Forum di San Pietroburgo: Vladimir Putin oggi parla di economia russa

Raffica di incontri di alto livello: 30 Paesi del mondo voglio stabilire rapporti con i BRICS

Incontro tra Dilma Rousseff e Vladimir Putin

Venerdì, 7 giugno, è una giornata chiave del Forum economico internazionale di San Pietroburgo (SPIEF). L’evento centrale della sessione plenaria sarà un discorso del presidente russo, Vladimir Putin, che successivamente colloquierà in a ruota libera con i partecipanti e risponderà  alle domande dei rappresentanti del mondo politico ed imprenditoriale.
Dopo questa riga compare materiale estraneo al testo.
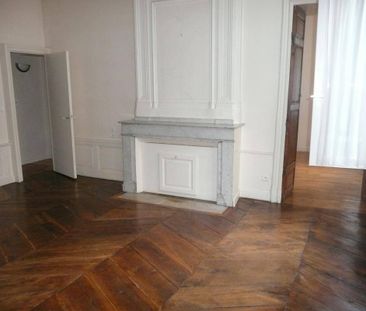 Location appartement t3 65 m² à Villefranche-de-Rouergue (12200) - Photo 1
Le delegazioni di oltre 130 Paesi del mondo partecipano all’evento annuale a San Pietroburgo, ma come ha precisato il portavoce presidenziale russo, Dmitrij Peskov, il tema centrale del discorso di Putin sarà la situazione attuale e le prospettive di sviluppo dell’economia nazionale russa: “Tradizionalmente – ha detto Peskov in un’intervista televisiva – il presidente Putin si concentra sull’economia. Pertanto, sono convinto che il suo discorso sarà principalmente dedicato all’economia del nostro Paese”.
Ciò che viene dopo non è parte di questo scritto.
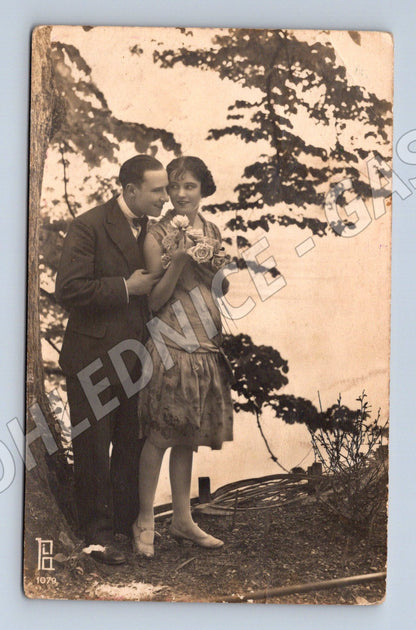 Postcard romantic couple Czechoslovakia small format (M9481)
In precedenza Putin aveva avuto una serie di incontri di alto livello, tra cui un colloquio con Dilma Rousseff, presidente della Nuova Banca di Sviluppo (New Development Bank, NDB) dei BRICS. “Ci siamo incontrati l’anno scorso a margine del vertice Russia-Africa, sono lieto di poter continuare il nostro dialogo”, ha detto Putin all’apertura dell’incontro. Il presidente russo ha elogiato i successi che ha raggiunto la banca sotto la guida di Rousseff, già presidente del Brasile dal 2011 al 2016. “Per la prima volta la banca ha mostrato un profitto significativo (…) e sta essenzialmente rimettendosi in piedi, sta operando in modo sempre più organizzato e con successo”, ha notato Putin.

Putin ha anche ricevuto Milorad Dodik, leader della Repubblica Srpska, l’entità serba della Bosnia Erzegovina, che dopo il vertice ha annunciato l’intenzione di organizzare un referendum popolare per decidere la divisione tra la Repubblica Srpska e la Bosnia Erzegovina. “C’è la decisione di separarsi, ma non è stata ancora fissata una data precisa”, ha detto Dodik, rispondendo alla domanda di quando si potrebbe tenere il referendum. Il leader serbo ha aggiunto di essere convinto che esista già “una maturità storica e la consapevolezza che ciò si deve fare e che accadrà”. Dodik ha sottolineato però che “non vogliamo assolutamente creare instabilità sul territorio del nostro Paese. Ma abbiamo avanzato la proposta di separarci dalla Bosnia Erzegovina e ora ci stiamo muovendo in questa direzione”.

Parallelamente allo SPIEF si concludono i preparativi a un incontro a livello dei ministri degli esteri dei Paesi del gruppo BRICS, che si terra nella città industriale russa di Nizhnij Novgorod, dal 10 all’11 di giugno. Come ha dichiarato il ministro degli Esteri russo, Serghej Lavrov, in questo momento i “BRICS stanno valutando circa 30 richieste di diversi Paesi del mondo che propongono di stabilire varie forme di cooperazione con il gruppo”. Lavrov ha preannunciato che si intende approvare una nuova categoria di cooperazione con i Paesi-partner del gruppo, attualmente composto di 10 Nazioni. “Questa categoria dovrebbe essere presentata nei suoi dettagli sia dal punto di vista dei criteri che dal punto di vista dei Paesi che possono rivendicarla”, ha spiegato il ministro degli Esteri russo. Lavrov ha anche evidenziato che la Russia, considerando la sua presidenza di turno nei BRICS, presta “grande attenzione al fatto che i nuovi arrivati si abituino alle forme di lavoro già esistenti, alle tradizioni del gruppo”. Oltre ai capi della diplomazia dei Paesi membri dei BRICS alla riunione ministeriale parteciperanno alcuni “ospiti d’onore”, tra cui il ministro degli esteri della Turchia, Hakan Fidan, che durante la sua recente visita in Cina aveva annunciato l’intenzione di Ankara di entrare nei BRICS come membro a pieno titolo. Se la richiesta della Turchia fosse soddisfatta, sarebbe il primo Paese della NATO a entrare nel gruppo attualmente composto del Brasile, della Russia, dell’India, della Cina, del Sud Africa, e dal primo gennaio del 2024 anche dell’Egitto, dell’Iran, dell’Arabia Saudita, degli Emirati Arabi Uniti e dell’Etiopia.